We sleep together not because it’s fiscally responsible, but because we are affectionate beings. Our minds need rest, but our minds also need camaraderie and intimacy and whispering. Anxiety and stress seem less intimidating when discussed with a partner while wearing pajamas. It’s important to talk about our days lying side by side, discuss children and household situations, gossip about neighbors and colleagues, plan for tomorrow in the confines of private chambers. We cuddle. We laugh. At the end of each day we remove the onerous cloaks we’ve donned to face the world, and we want to do this lying next to our best friends, to know we’re not in it alone.

“We are creatures of attachment,” Crespi says. “We like to have someone close, to be in proximity to other people.”

Even when they snore. Especially when they sleep sideways.

At Villa Cassandranita, our little nuclear family (Mom, Dad, two sons) were somewhat unusual in that all four of us are introverts. This makes us somewhat less apt to want to deal with other people 24/7 and somewhat more likely to value time alone.

The Editorial Staff know it made long deployments easier: enjoying solitude definitely makes the inevitable loneliness and longing for your significant other easier to bear.

But I'm still a big fan of the invisible language of human contact. I held my babies a lot, mostly preferring to carry them than to put them into a stroller. We had a backpack that I used until our boys got to be about 30 pounds: the ability to tote a toddler while mowing the lawn or doing light housework was invaluable. I could talk to them as they watched what I was doing over one shoulder, or reach up and reassure them if they became restless or fretful.

Even tiny babies communicate through touch. Though it happened over 30 years ago, I've never forgotten the first time my firstborn - only 6 months old - tried to comfort me. As I stood there, holding him as I sobbed out my loneliness and frustration, I slowly became aware of a tiny hand rhythmically patting my back.

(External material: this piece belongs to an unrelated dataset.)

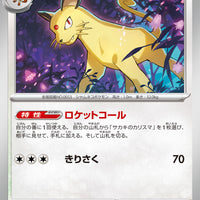 sv2a Japanese Pokemon Card 151 - 053/165 Persian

My baby was comforting me as I had comforted him innumerable times when he cried - by gently patting my back. A small miracle I will never forget.

And then there are those times when even in a relationship between adults, words aren't terribly effective. But a touch of the hand or a quick hug conveys love and connection, even at times when we don't understand each other all that well.

"It's OK. We may not agree, but I'll always be there for you." All without a single word spoken.